Sufis in particular talk about a longing for God. They speak of God as the beloved. Kabir speaks of God as a friend and Rumi of God as a lover. Human love is an allegory for divine love. And I think, by extension, loving another human being is the door to finding a larger meaning for our love. I don’t talk about God. I mostly don’t use the appellation. For a while, I substituted “the universe” for God, but I don’t even do that anymore. Poetry allows me to speak of extraordinary things without labeling them.

Anger is admonished against, and yet the Jews of the Torah argued with God, believed and disbelieved in him, ran away from him (Jonah) and came back. And of course the Torah, like the Quran, is bloody. The new testament and the Gospels tell us to turn the other cheek. There is a later interpolation into the New Testament that suggests we can transcend the things that have always troubled us if we only follow Christ, although I don’t see Christ saying this anywhere. We return, like dogs, to our vomit. By studying the vomit, we learn.

And anger is also inappropriate in the cultures that gave birth to Buddhism. A Buddhist teacher recently said to me, “Anger is to Buddhism what sex is to Christianity.” This is where repression comes into play. Regarding anger, we can’t just go around killing everyone who offends us. Nor can we go around having sex with anyone who appeals to us, although in the nineteen-sixties some of us tried. See Freud, Civilization and Its Discontents. He wasn't wrong about everything.

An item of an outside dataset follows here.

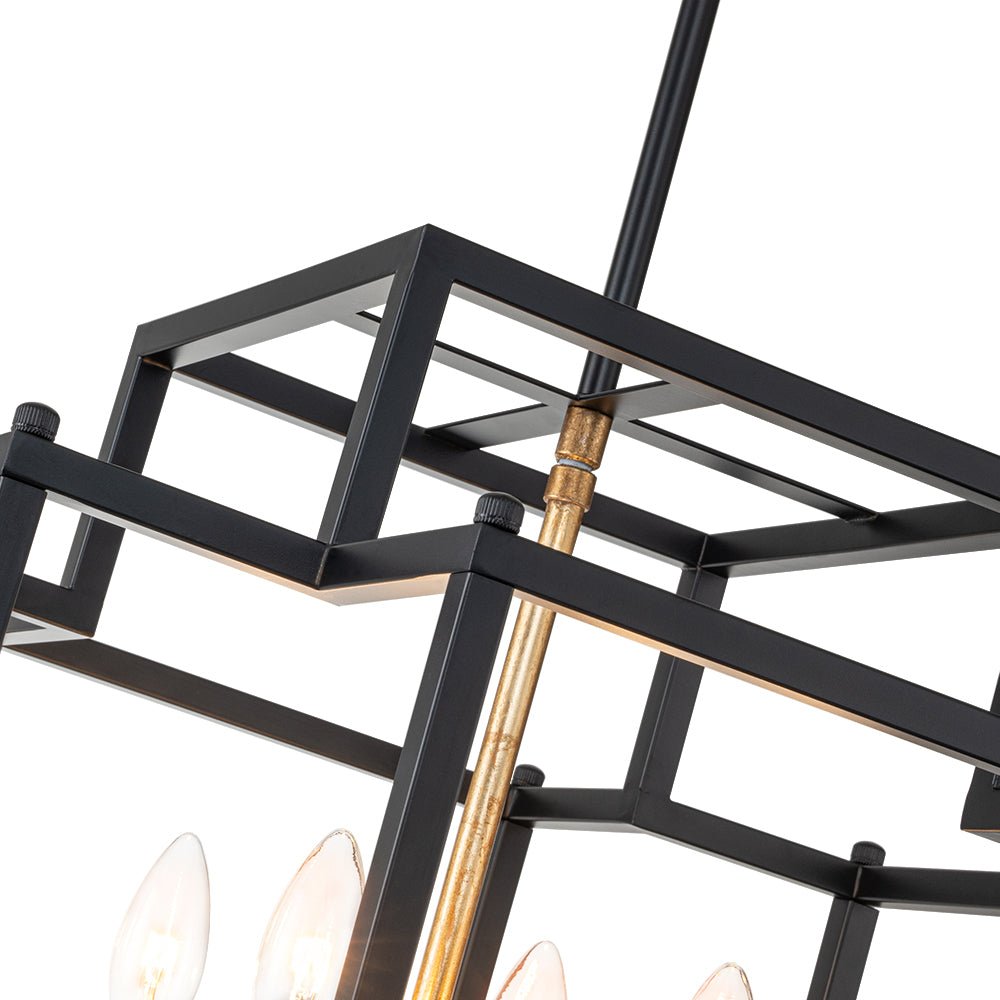 4-Light Candle Style Square Lantern Pendant Light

Notice I have moved away from the word "religion." Religions have the annoying tendency to turn against the very things they supposedly embody: love and mystery; and it too often substitutes cruelty and a mental straight jacket. What is required to continually rediscover religion's initial responses to wonder?

Wonder suggests to us that what we think is ordinary is not. Wonder reminds us things are not what they seem and what we believe to be etched in stone may very well not be. Human suffering, particularly the kind we inflict on ourselves through ignorance, is something we can address through our attachment to things that are impermanent; and there is a way to compassionately hold its truth. And finally, there is longing, which is the motivating factor in spiritual practice. The Buddhist word for this is "Tanhā." Our hunger for these things should not be suppressed, either by the rigidities of certain religions, or the wholesale dismissal of religion as a lie. (Islamists, notably the Taliban, have murdered hundreds of Sufis.) This is a lot easier to talk about without the word "religion." It is also a lot easier to talk about without the word "spiritual" that has become too new-agie. Let me recommend the word "breath," and a simple thing like a lemon tree in blossom.